**Task objective**
Using the material below, print a verbatim copy of every line from the one containing "It Is Well With" through the one containing "Tv-wandmeubel 40,5x30x40 cm", inclusive, and omit the pictures.

**Given information**
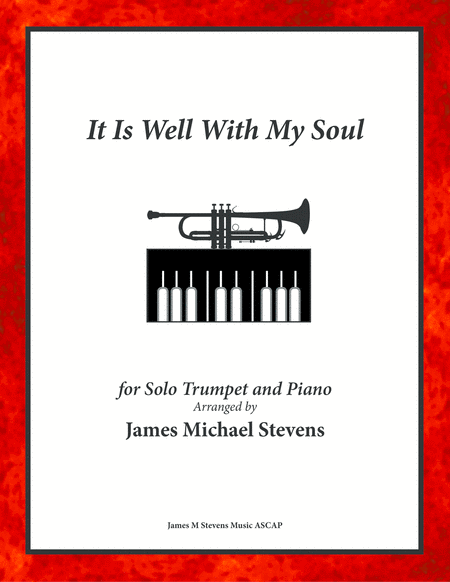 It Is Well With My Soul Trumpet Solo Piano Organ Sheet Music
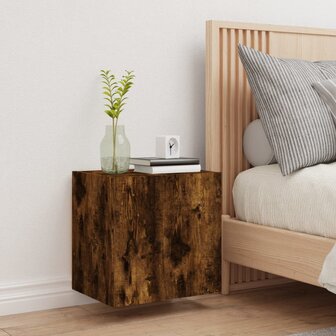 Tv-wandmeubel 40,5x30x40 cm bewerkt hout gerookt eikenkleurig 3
--
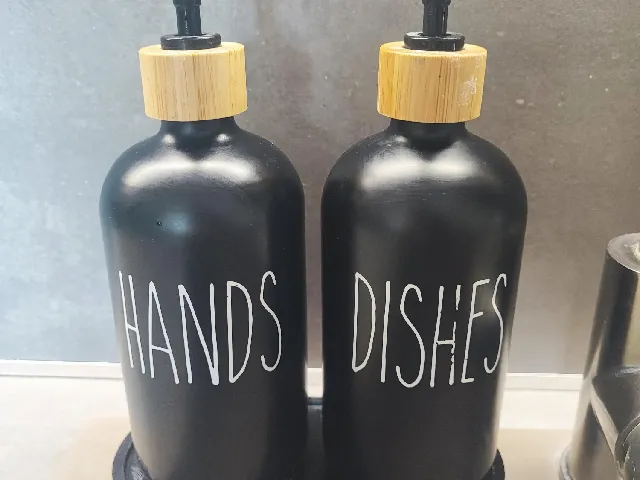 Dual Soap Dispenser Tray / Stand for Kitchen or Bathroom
==
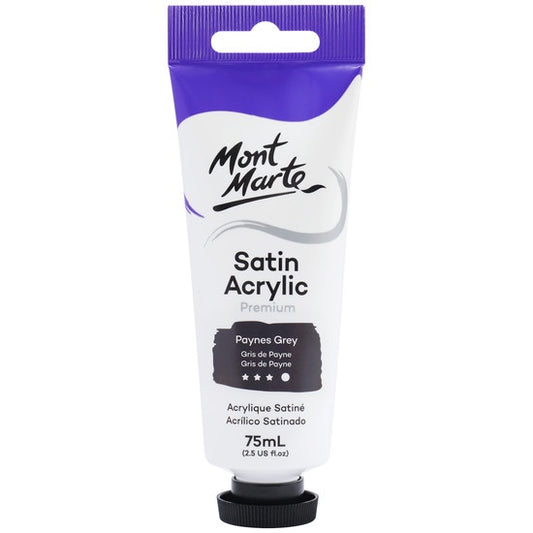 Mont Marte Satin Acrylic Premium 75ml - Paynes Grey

**Finished exercise**
 It Is Well With My Soul Trumpet Solo Piano Organ Sheet Music
 Tv-wandmeubel 40,5x30x40 cm bewerkt hout gerookt eikenkleurig 3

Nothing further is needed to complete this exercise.